The following is part of a post by Ali Velshi at MSNBC:
For more than 40 years, we’ve been sold a myth: that America’s rich and powerful were under siege — over-taxed, over-regulated and carrying the weight of the economy on their shoulders.
We were told that if you ease up regulations on the rich, they will prosper and the benefits will trickle down to the rest of the population. But the reality is that economic policy has only succeeded in rewarding the rich — and it’s done so at the direct expense of the middle class, the working class and the working poor.
Let me explain the root of the problem: According to the Economic Policy Institute, largely due to new technology, U.S. worker productivity grew 59.7% from 1979 to 2019, meaning workers have become almost 60% more productive at their jobs in the past four decades.
However, a worker’s reward for all that extra output over the same period has only been a 13.7% wage increase.That’s a gap of 46% between what workers are being underpaid relative to their output.

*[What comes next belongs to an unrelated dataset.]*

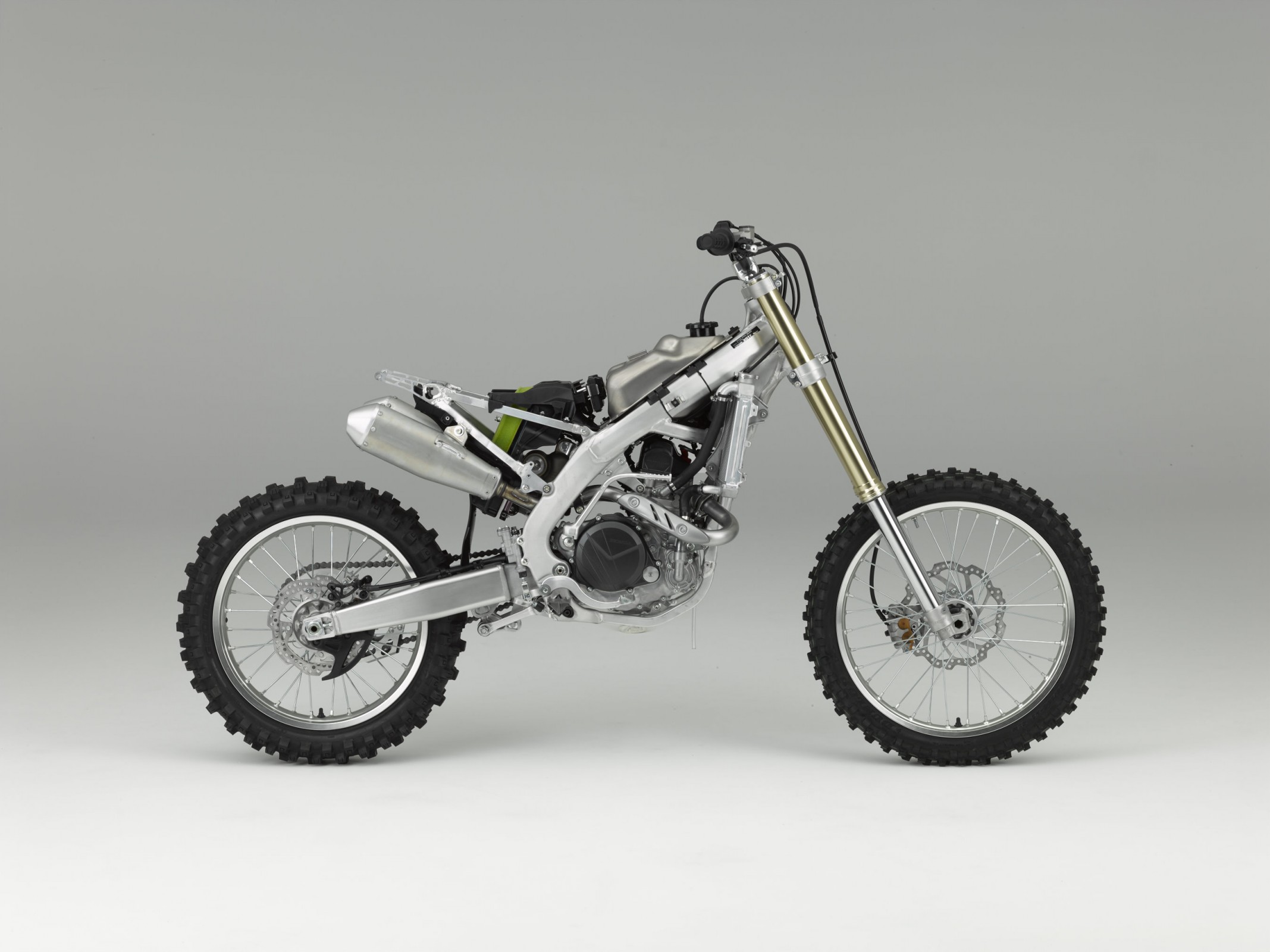 17_Honda_CRF450R_naked_right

In more practical terms, that’s about $9 an hour in lost potential earnings for the typical worker.
Let’s focus on just the middle class for a moment: From 1979 to 2019, middle-income workers saw just 13.7% growth in wages, adjusted for inflation. America’s lowest-paid workers fared worse, gaining just 3%. But the already high earners, the top 1%, their income grew by 160% over the same period. For the top 0.1%, their income grew by a staggering 345%.

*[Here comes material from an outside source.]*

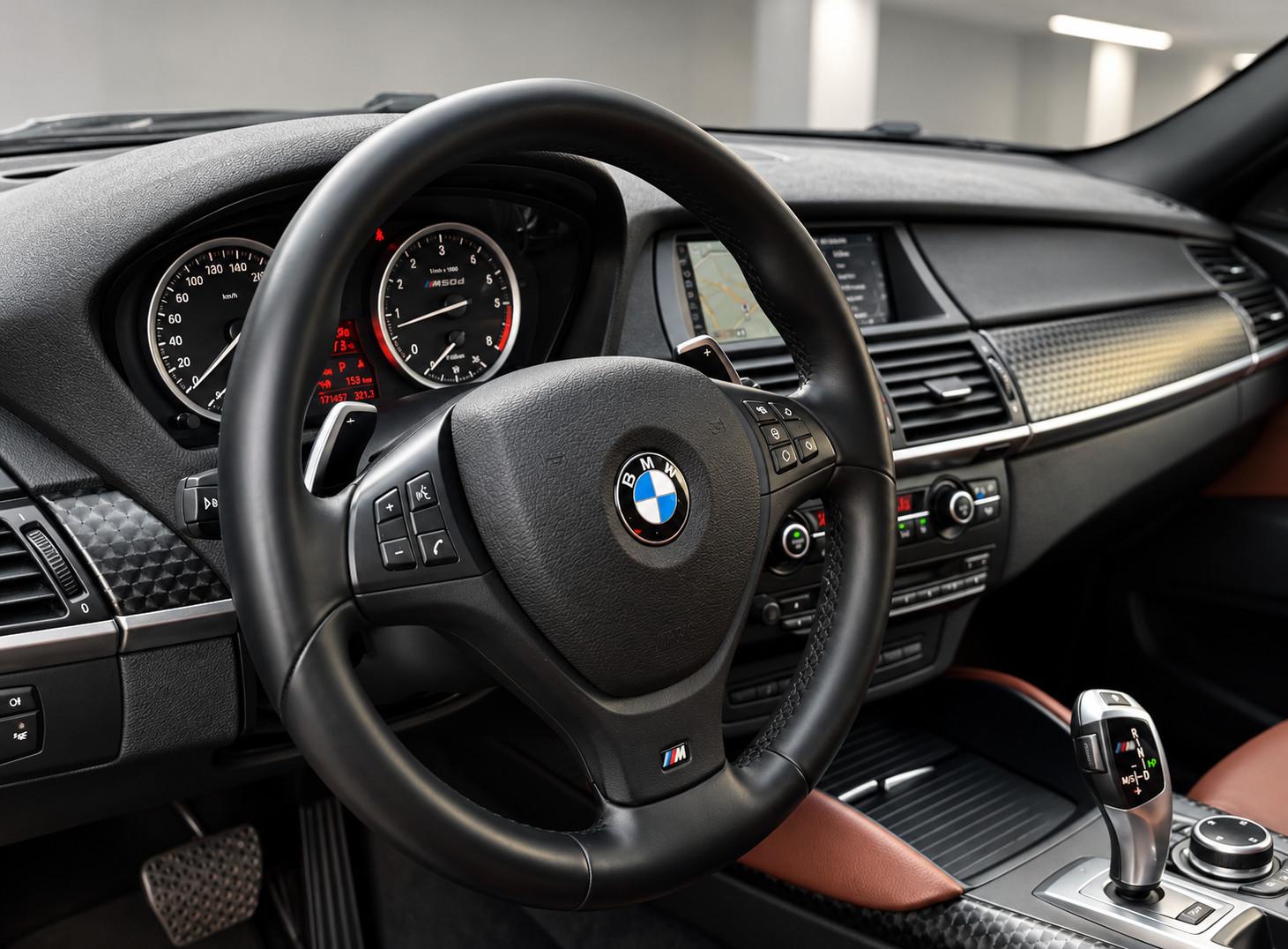 BMW X6 M50D 3.0 V6 381ch XDRIVE - AFFICHAGE TÊTE HAUTE - TOIT PANORAMIQUE - CAMÉRA 360° - SIÈGES MASSANTS - SUSPENSION PNEUMATIQUE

Consider all the income earned by households in the U.S. in a given year. The share of that total U.S. household income going to the middle class was 62% in 1970. By 2022, it had dropped to 43%. The upper-income share did the opposite: It was 29% in 1970 and rose to 48% in 2022, according to the Pew Research Center. . . .
If we want to reverse this, we have to make deliberate, systemic choices, like universal health care, which would end the tie between jobs and health insurance. Countries with universal systems spend 30–50% less per person than we do and get better outcomes. This reduces the economic insecurity that forces workers to cling to bad jobs for the sake of benefits.
We could also implement universal and subsidized child care. Affordable child care would free millions, especially women, to fully participate in the workforce. Quebec’s subsidized child care modelincreased female labor force participation and paid for itself in new tax revenues from mothers joining the workforce. . . .
For decades, we’ve been told that prosperity trickles down. But it hasn’t, it’s been sucked upward. While the top 1% have thrived, everyone else has been told to work harder, retrain, move somewhere with better opportunities, and wait their turn.
An economy that works for everyone isn’t a fantasy; it’s a choice. We’ve just been making the wrong one. These policies aren’t radical; they’re a return to the basic American deal: If you work hard, you should share fairly in the prosperity you help create.